== What is required ==
Since the records include pictures, leave those out while you reproduce exactly and only the lines from the one containing "湖南[锺姓] 锺氏族谱 — 清光绪元年[1875]_十八.pdf" through the one containing "定格荷重表及び作業半径-揚程図です。|日野 デュトロ 2KG-XZU712M(2WD)の写真14", inclusive.

Recorded data section start

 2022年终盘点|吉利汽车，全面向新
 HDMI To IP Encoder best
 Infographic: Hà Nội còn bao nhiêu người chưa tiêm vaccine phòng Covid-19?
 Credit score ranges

Recorded data section end
Recorded data section start

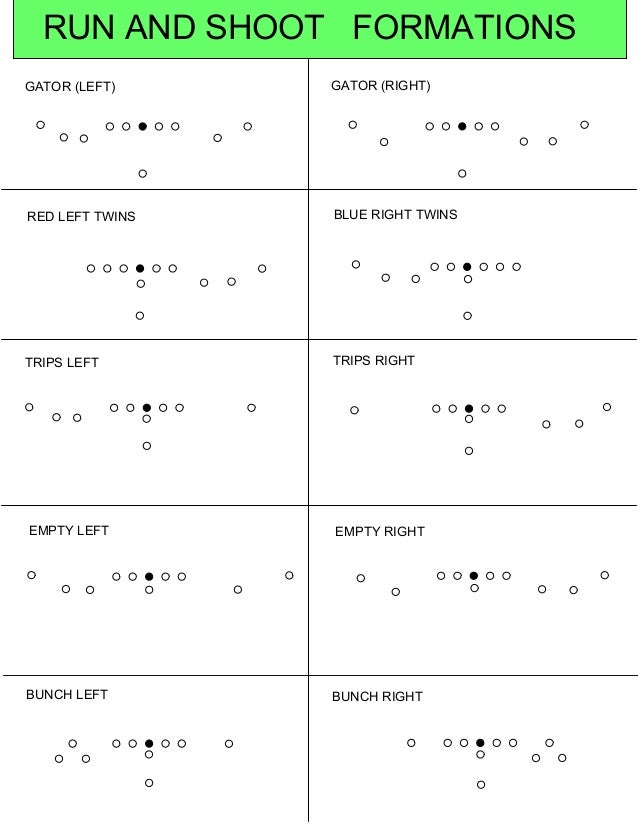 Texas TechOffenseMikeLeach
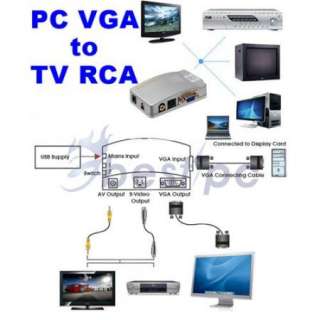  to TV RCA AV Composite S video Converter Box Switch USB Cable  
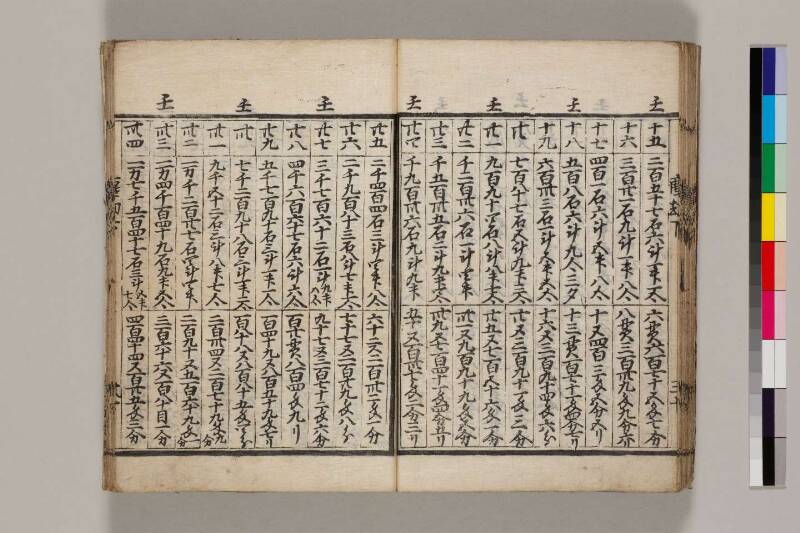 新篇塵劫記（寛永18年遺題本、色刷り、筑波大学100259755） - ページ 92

Recorded data section end
Recorded data section start

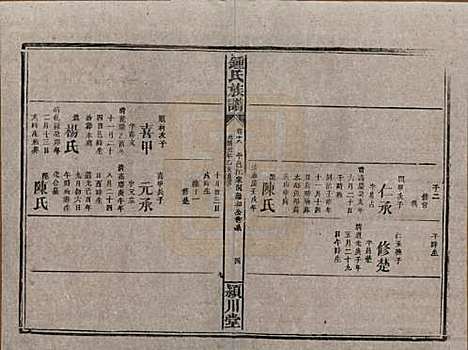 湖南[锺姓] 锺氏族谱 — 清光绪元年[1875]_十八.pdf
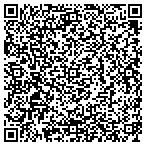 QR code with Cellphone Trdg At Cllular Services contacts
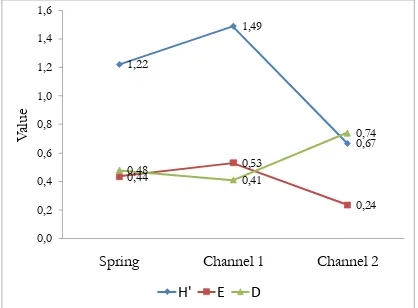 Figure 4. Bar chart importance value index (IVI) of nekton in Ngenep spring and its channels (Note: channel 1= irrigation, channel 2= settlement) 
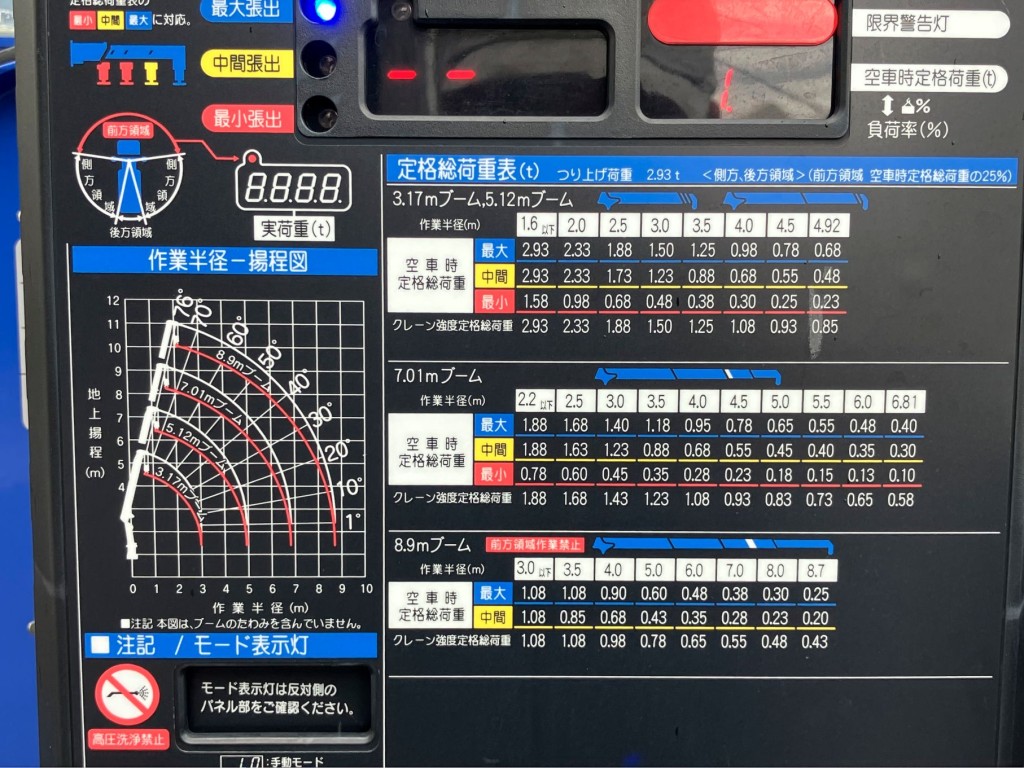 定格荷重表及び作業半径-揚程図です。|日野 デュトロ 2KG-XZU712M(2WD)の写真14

Recorded data section end

== Output below ==
 湖南[锺姓] 锺氏族谱 — 清光绪元年[1875]_十八.pdf
 QR code with Cellphone Trdg At Cllular Services contacts
 Figure 4. Bar chart importance value index (IVI) of nekton in Ngenep spring and its channels (Note: channel 1= irrigation, channel 2= settlement) 
 定格荷重表及び作業半径-揚程図です。|日野 デュトロ 2KG-XZU712M(2WD)の写真14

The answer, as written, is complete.